● ABOUT THIS TASK:
From the records below, extract all the text exactly and leave the images behind.

● Crawled caption data:
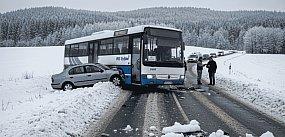 Oblodzony zakręt, zniszczony PKS. W Jeleńczu ostrzegali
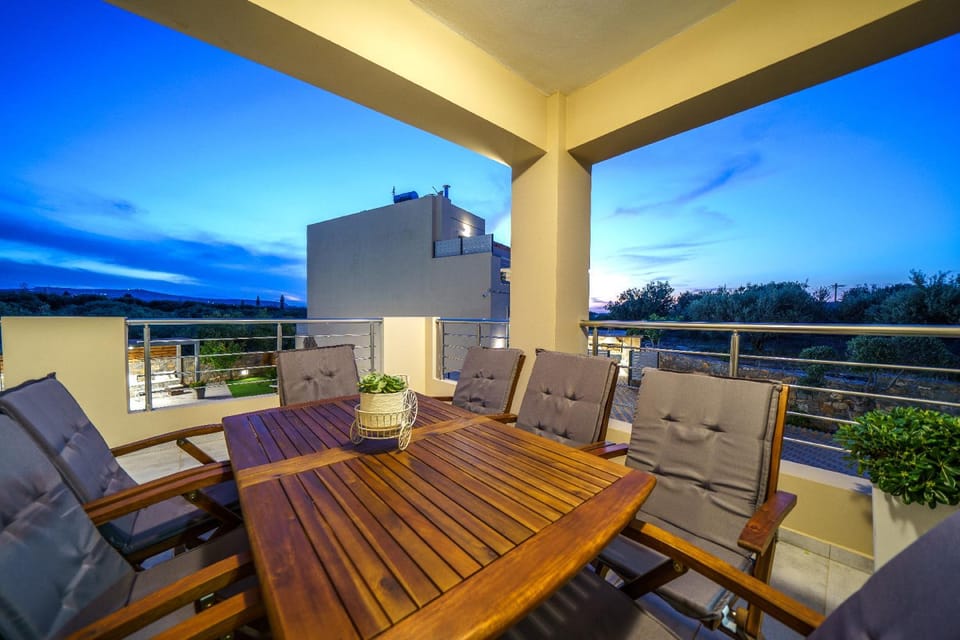 Patio, View (from property/room), Balcony/Terrace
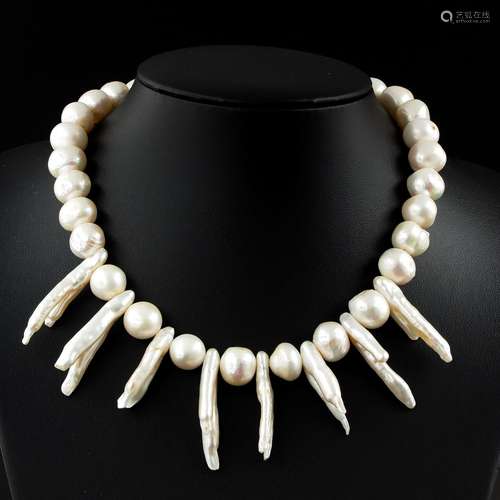 A Pearl Necklace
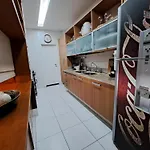 Quarto Exclusivo Ar Tv Metro Praia Copacabana - Proprietario Mora No Local
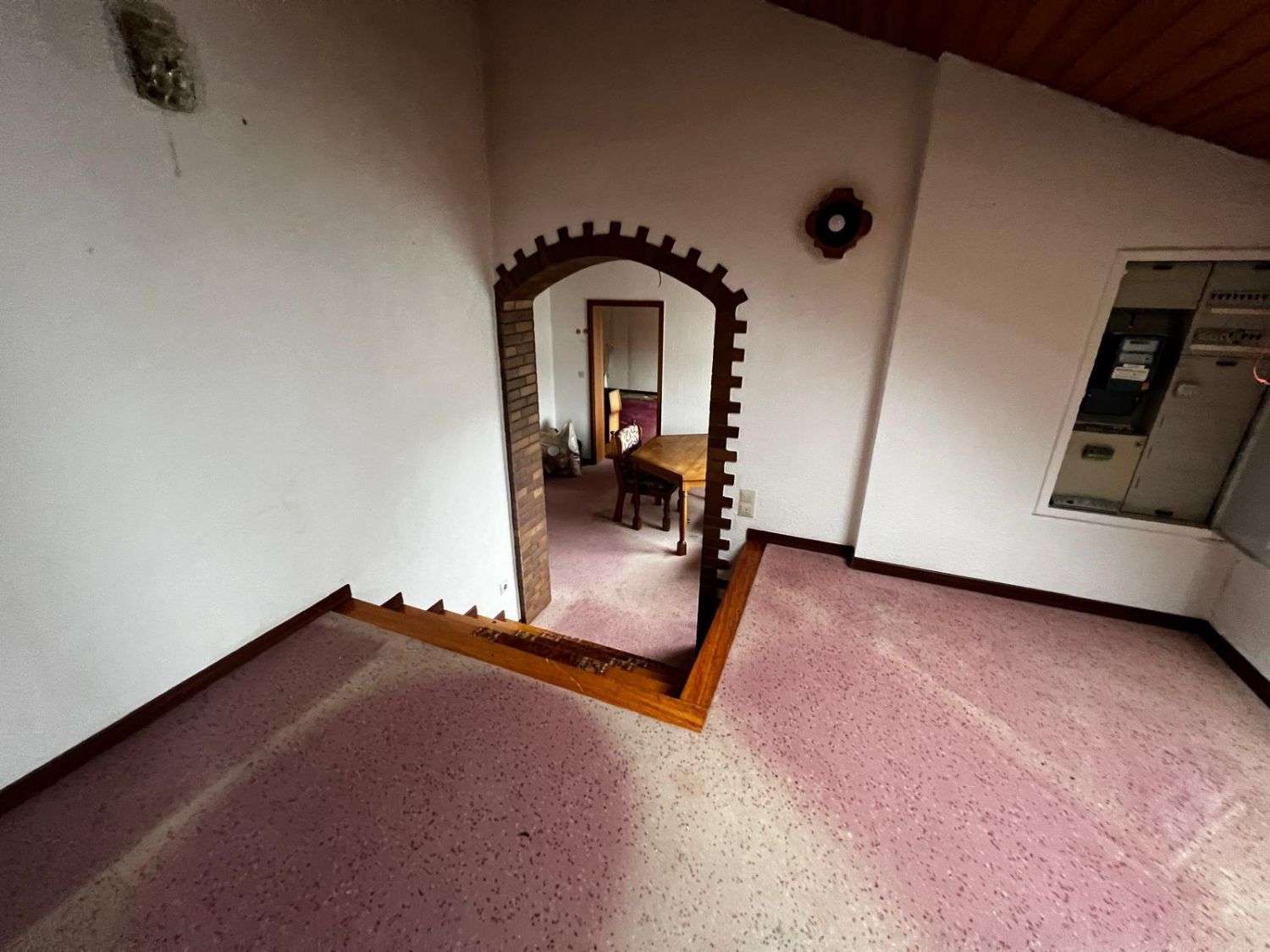 Gepflegtes Einfamilienhaus mit großem Garten und Potenzial in ruhiger Lage, Lahn Dill Kreis – Bild 4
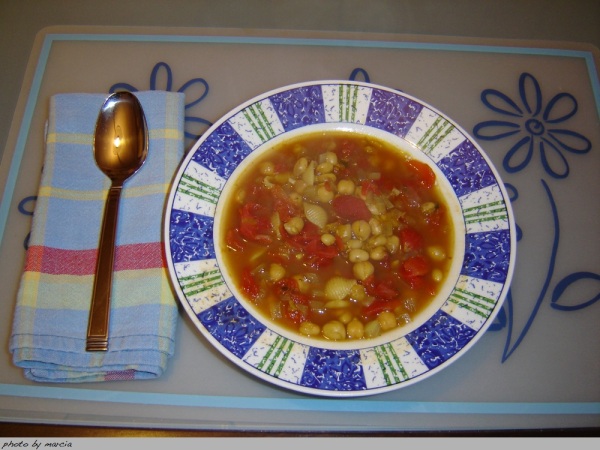 Moroccan Mixed Bean Soup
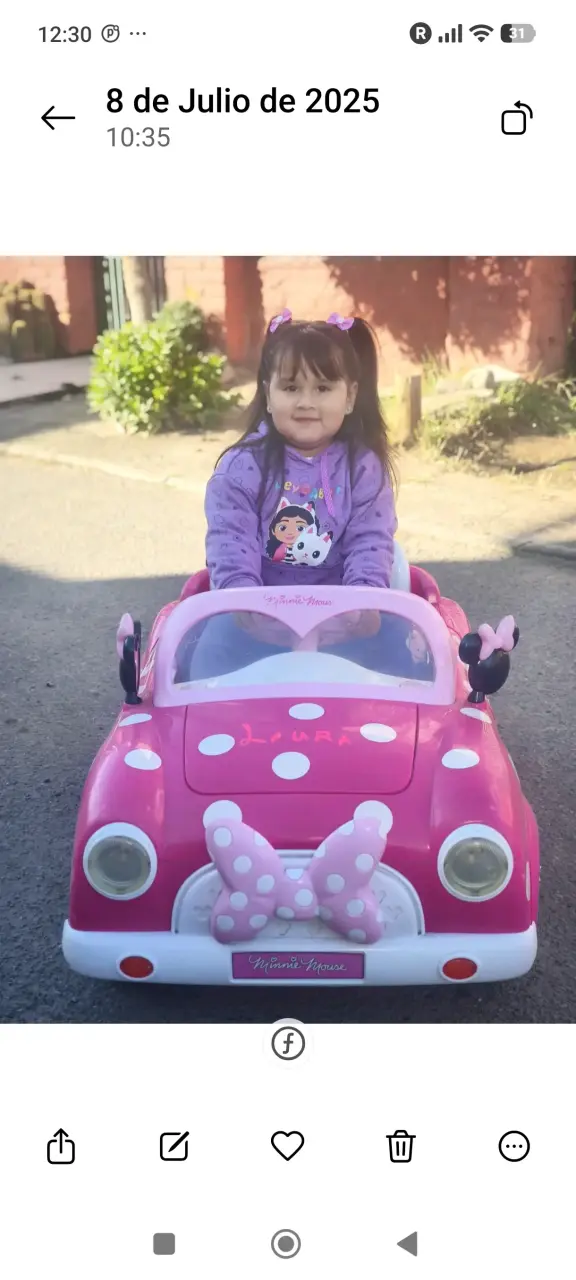Auto eléctrico Minnie Mouse rosa para niños - 1
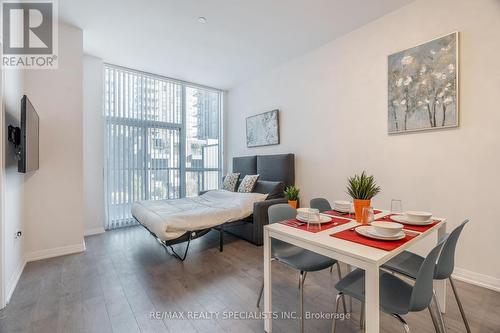 110 - 35 Watergarden Drive, Mississauga, ON - Indoor Photo Showing Dining Room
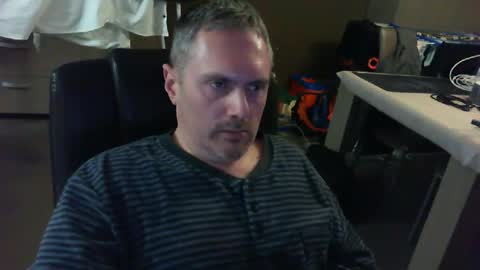 Snapshot of zultem chatting on December 18, 4:51 am zultem online show from December 18, 4:51 am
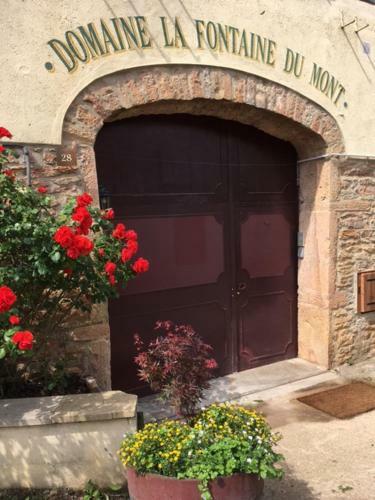 Hostal Domaine La Fontaine Du Mont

● YOUR RESPONSE:
 Oblodzony zakręt, zniszczony PKS. W Jeleńczu ostrzegali
 Patio, View (from property/room), Balcony/Terrace
 A Pearl Necklace
 Quarto Exclusivo Ar Tv Metro Praia Copacabana - Proprietario Mora No Local
 Gepflegtes Einfamilienhaus mit großem Garten und Potenzial in ruhiger Lage, Lahn Dill Kreis – Bild 4
 Moroccan Mixed Bean Soup
Auto eléctrico Minnie Mouse rosa para niños - 1
 110 - 35 Watergarden Drive, Mississauga, ON - Indoor Photo Showing Dining Room
 Snapshot of zultem chatting on December 18, 4:51 am zultem online show from December 18, 4:51 am
 Hostal Domaine La Fontaine Du Mont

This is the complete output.